R : Oui, des morceaux ont été enregistrés à Paris, je pense aux deux morceaux du Maghreb, ceux de Slimane Azem et de Salah Sadaoui. Eux vivaient à Paris, à Barbès, ils avaient leurs réseaux, leurs productions. Salah Sadaoui était le directeur artistique des Scopitone, il s’occupait déjà de pas mal de choses, il était dans le business en réalité, dans la production. Il y avait aussi François Tusques et le collectif Le Temps des cerises qui étaient à Paris. C’est vrai que c’est plus facile quand tu es au centre, à cette époque encore plus. Ce que j’ai mis dans le projet ne représente pas le business d’une époque car c’était déjà des gens qui étaient en marge. Par exemple, le label Saravah était, je ne sais pas si engagé est le mot, mais je dirais curieux. Pierre Barouh, le fondateur, était quelqu’un de super curieux pour aller chercher ceux qu’il a ramenés : Brigitte Fontaine, Arezki, Jacques Higelin, et c’est lui qui a ramené le Gabonais Pierre Akendengue que j’ai mis dans le projet ou le Béninois Alfred Panou. Mais on était sur des choses en marge et ce n’est pas pour rien que ça ne venait pas de labels plus mainstream.

A : Le rayonnement de ces morceaux était donc restreint ?

R : Oui il était restreint mais ça dépend. Par exemple, Slimane Azem, c’est très communautaire dans le sens où il est connu dans la communauté kabyle en France, normalement les gens voient qui c’est. C’est pareil pour Eugène Mona, les Martiniquais voient qui c’est.
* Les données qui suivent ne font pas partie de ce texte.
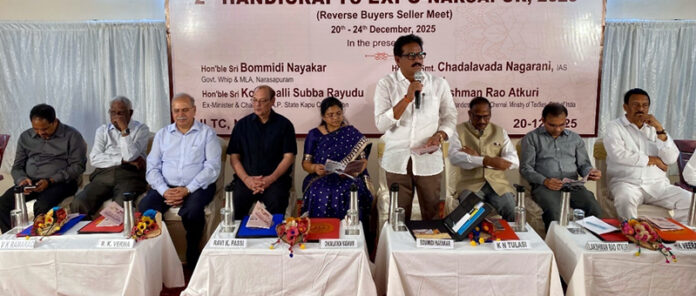 Bommidi Nayakar, MLA, Narsapuram sharing the stage with others during a function on Monday.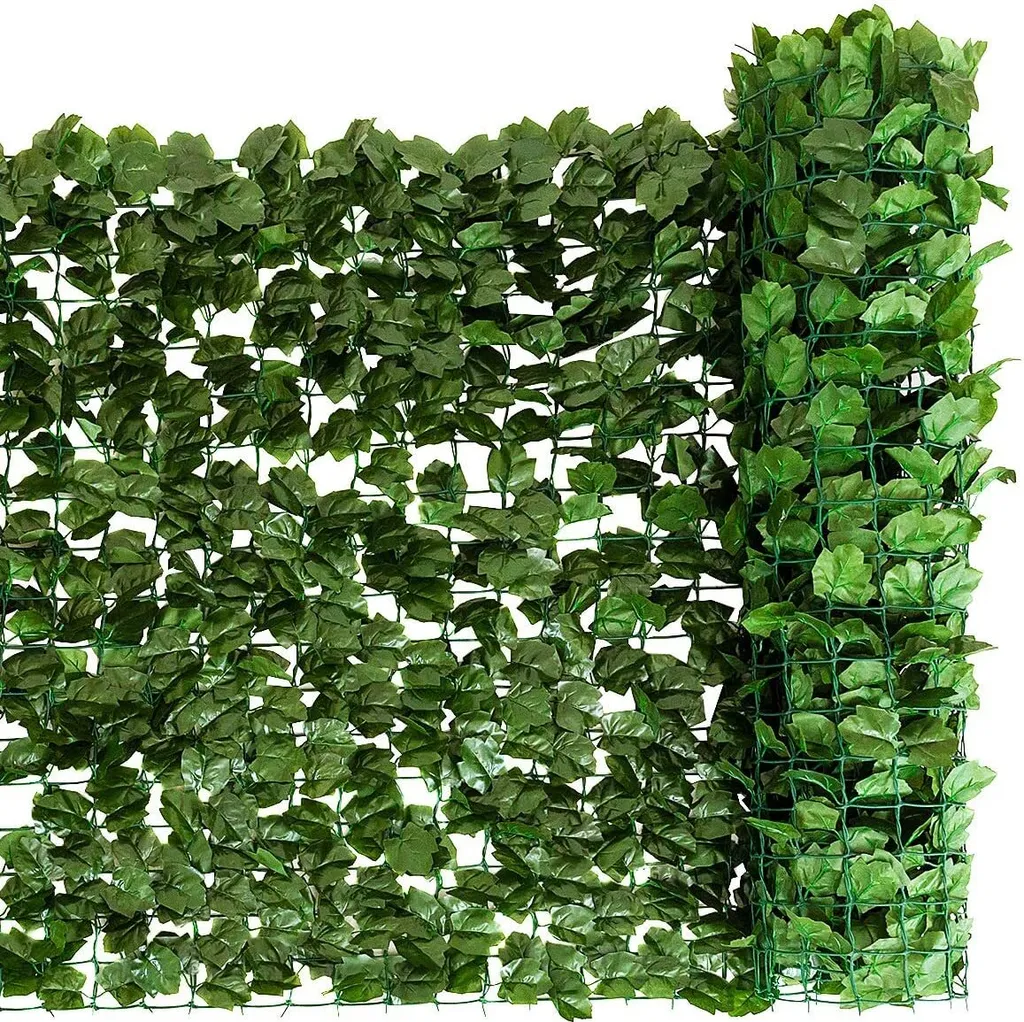 COSTWAY Haie Artificielle de Lierre 150x300 cm Brise-Vue de Jardin Vert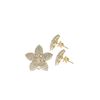 Image 1 : 1.17 TCW 14K GOLD DIAMOND FLOWER STUD EARRING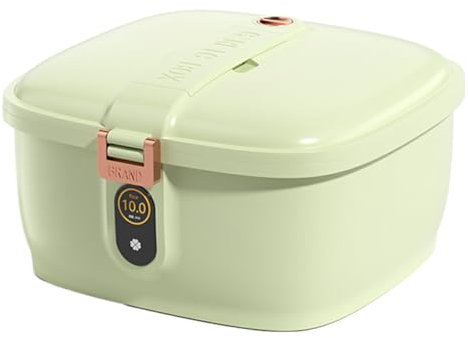 BEALIFE Schlagfestes Reis Box Korn für praktische Lebensmittelaufbewahrung, Reis Aufbewahrungsbehälter, PP Lebensmittelaufbewahrungsbehälter, Schnallendeckel, Hellgrün, 5kg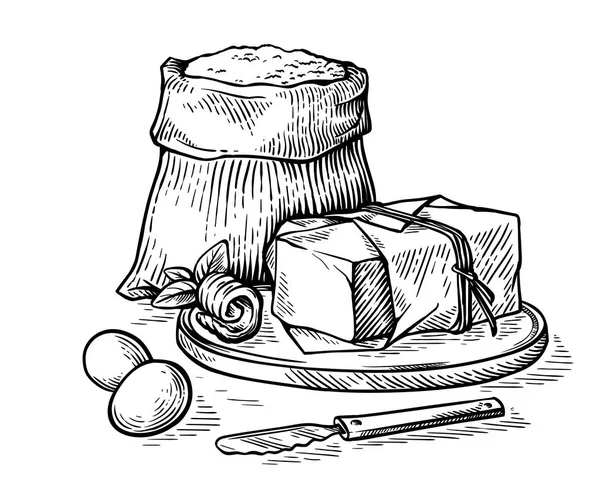 Schets met de hand getekende zak met bloem en eieren en boter op houten bord vector — Stockvector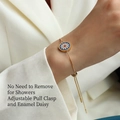 French style 18K gold plated snake chain bracelet with blue enamel daisy and adjustable slide - Gold/Daisy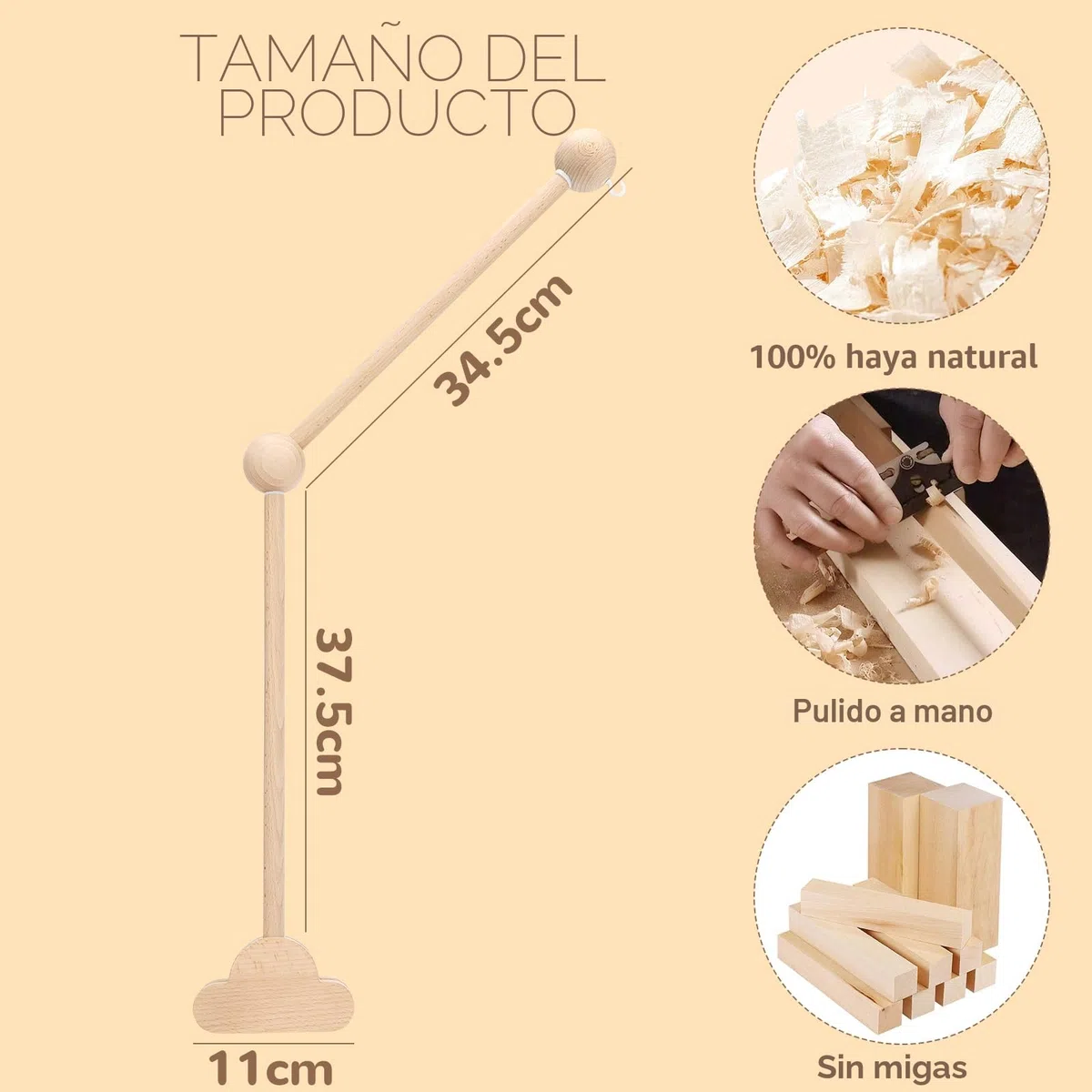 Farerkass Soporte Móvil para Bebé, Soporte de Madera para Cuna, Altura Ajustable, Brazo Móvil de Cuna Extraíble, Ideal para Campanas de Viento, Juguetes y Decoración de Habitación Infantil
Après on est sur des communautés toutes mises ensemble dans un projet avec des morceaux qui sont des raretés. Si j’avais eu un morceau dans les mains de Johnny Hallyday qui était super engagé, il n’y a pas de souci, je l’aurais mis. Je ne cherche pas le truc parce qu’il est rare ou à découvrir mais parce qu’il fallait que ça corresponde à un concept. Le morceau le plus connu du projet est probablement celui de Colette Magny, « La Pieuvre », c’est peut-être la « Eugène Mona française » ou la « Slimane Azem française ». On est dans un truc de récupération comme il peut y avoir dans le rap. Colette Magny est blanche, avait une bête de voix, chantait le jazz, du coup les médias et les maisons de disques l’appelaient tous la « Ella Fitzgerald blanche ».

A : Encore cette validation anglo-saxonne.

R : C’est ça ! Et elle ça la soulait, elle avait vu cette récupération un peu malsaine et dans un passage télé, elle a dit « de toute façon les maisons de disques je vous emmerde », « vous n’aurez pas ma voix », et c’est à partir de là qu’elle ne voulait plus chanter mais clamer les morceaux. Celui sur le disque est chanté mais beaucoup de ses morceaux ne sont que clamés. Elle allait les clamer dans les usines, donc on voit qu’elle n’avait pas envie de rentrer dans le système. Son histoire porte aussi un engagement.

A : On peut lire dans ta note d’intention : « Rythmes et textes sont vêtus de leur propre ‘’blues’’ dur et sincère. » C’est ce qu’on retrouve sur tous ces morceaux, quelque chose d’esthétique, de léger parfois, mais profondément engagé. Est-ce que c’est cette dualité qui peut être difficile à appréhender par des auditeurs occidentaux ?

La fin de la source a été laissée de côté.